Today’s invention is a running shoe in the sole of which a bistable metal plate is embedded (blue in the diagram). A small change in pressure within the cavity in the sole causes the geometry to switch from a flat, road-going configuration (left) to a much more grippy trail-running shape, with prominent studs (right). The pressure change might be achieved by use of a small hand-operated bellows or even by winding a wedge in or out.

This approach has the added advantage that, on springing between different sole profiles, any dirt accumulated will tend to be spat off, improving grip generally.

#635: Orbitbots

How to get kit into space? Today’s invention offers an alternative approach to conventional rocketry.

The idea is to build a payload module but much smaller than eg a shuttle (filled with a person and/or a little satellite). Rather than use a multi-stage launch vehicle, drive this module towards escape velocity using a sequence of accelerations supplied by a fleet of identical, small UAV rockets.

These UAVs, would have to be capable of reaching escape velocity individually -but that is almost within the capabilities of some homebrew independent rocketeers. These would be launched in sequence from sites in a line beneath the module’s trajectory and thus form a queue in the sky, chasing the payload.

Each rocket could be programmed to follow its predecessor’s exhaust, so that no advanced navigation is needed. Having impacted on the rear face of the module and flared their fuel, the UAVs would parachute back to earth for reuse.

#634: SecureWhere

People have come to recognise the dangers of having one’s identity stolen online.

Today’s invention deals with a new threat, that of location theft. I’ve discovered that some of the geographical details which are supplied by Google are surprisingly inaccurate. These are submitted by individual users and often don’t get checked and fixed by locals (who obviously never look at the maps of their home location).

It occurred to me that one way to screw up a competitor’s business might be to supply Google with false information about their physical location. If customers can’t find them, they are toast.

The simplest approach to dealing with this is to reflect any location information about a business or institution submitted to a search engine, or other online resource, to an email address on the company’s website for confirmation.

#629: PageShading

Anyone who has ever worked on creating any kind of machine vision software knows that even a uniformly-lit surface usually isn’t.

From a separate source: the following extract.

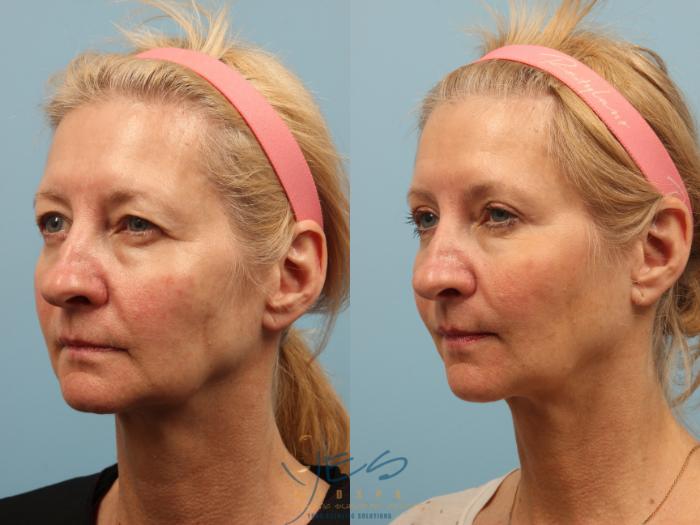 Before & After Brow Lift Case 259 View #2 View in Vancouver, BC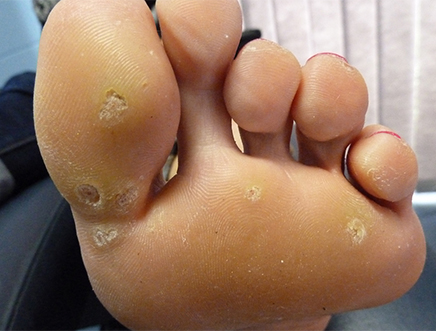 înlăturarea verucilor plantare clinice pielea dintre degetele de la picioare se uda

Although eg a page in a book looks beautifully even and white, in fact instruments indicate there is almost always a strong lighting gradient across the printed area. The visual system takes this into account and removes the effect from our conscious perception. I have a theory that this is one of the remaining reasons that people enjoy reading paper books rather than electronic screens. The pages of books are often read deliberately with a curve maintained in the page and I think this is unknowlingly used by readers to provide a subliminal sense of “where I’ve got” to in the text.

Today’s invention is to provide electronic screens with a subtle contrast gradient across the ‘page’ as a reading aid. This might be enhanced by having light sensors in the reader device which could tell where the room lighting was coming from and adjust the gradient(s) accordingly.

#627: ChaosCart

Think about a magnet on a pendulum suspended between three or more magnets (with a mixture of the same and opposite polarities). Release the pendulum and it will fly around, being attracted to and repelled from the various fixed magnets. If you choose the arrangement of magnets carefully, the deterministic, but chaotic, motion will rarely be repeated (given the impossibility of starting from exactly the same spot, each time).

Today’s invention is to use this system to plan and drive a funfair ride. A cart containing a small number of people would be driven on a concave, spherical surface in such a way as to simply follow the pendulum’s motion. The relevant (x,y) coordinate of the bob, extracted by rapid image processing from below, would be used to direct the cart.

In this way, ride customers could be sure of always having an unpredictable experience. In fact, for safety reasons, the (X,Y)s could be gathered offline in order to ensure that no dangerous levels of acceleration occur on the actual ride.